09 de Março, 2015

A falta de água em São Paulo

Artigo de Edson Aparecido da Silva, coordenador da Frente Nacional pelo Saneamento Ambiental, e do sociólogo Ricardo Guterman

Por Edson Aparecido da Silva e Ricardo Guterman*

Educar as pessoas para que mudem seus hábitos em relação ao consumo de água é salutar, mas existe uma grande diferença entre conscientizar e responsabilizar, mesmo subliminarmente, o cidadão pela ameaça de racionamento.

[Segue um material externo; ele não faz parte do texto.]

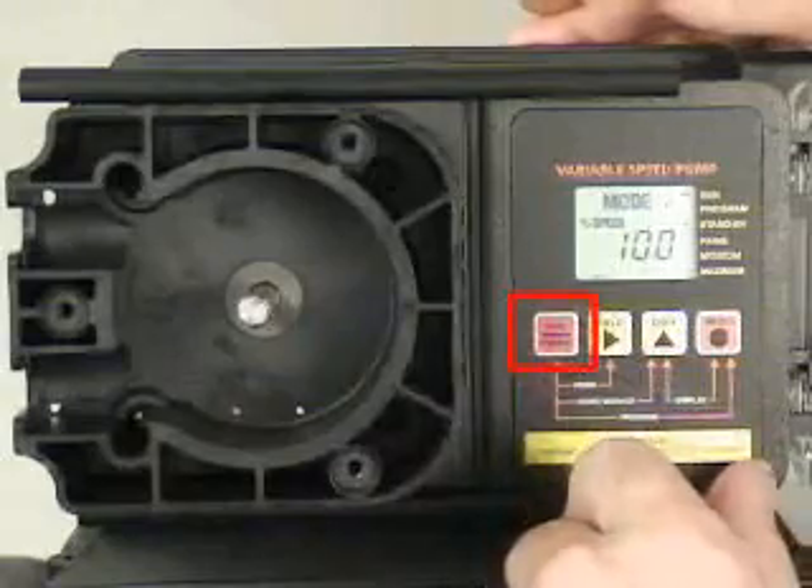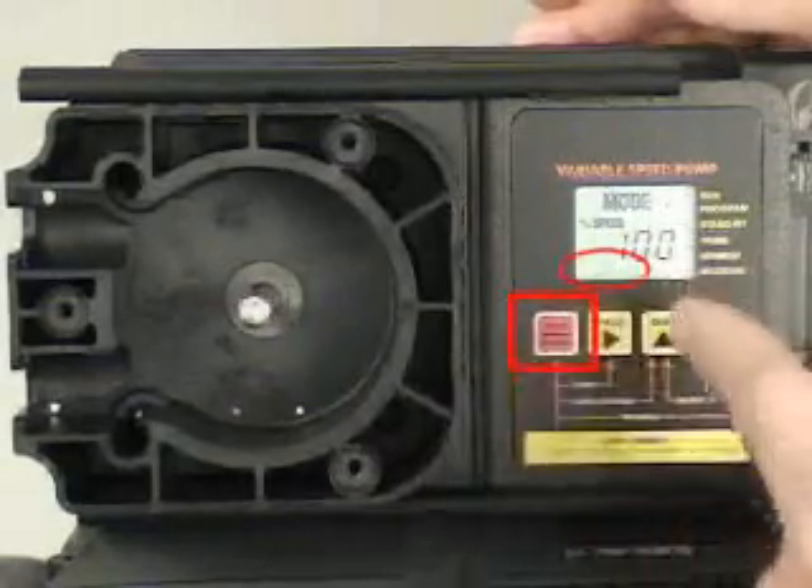Once the pump head has been cleaned, press the standby button to reset the system. The alarm icon will now disappear.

O risco iminente de racionamento no fornecimento de água que se vive hoje na Região Metropolitana de São Paulo (RMSP) está relacionado aos baixos níveis de armazenamento de água nas represas do sistema Cantareira, que estavam com apenas 16,9% de sua capacidade em 25 de fevereiro, o mais baixo desde sua instalação. O fenômeno decorre do regime de chuvas atípico neste verão, muito abaixo das médias históricas, e das altas temperaturas que provocaram o aumento do consumo. A possibilidade de racionamento, porém, é consequência também de problemas estruturais no conjunto do sistema de abastecimento, que opera sem nenhuma margem de segurança para fazer frente a eventos climáticos adversos.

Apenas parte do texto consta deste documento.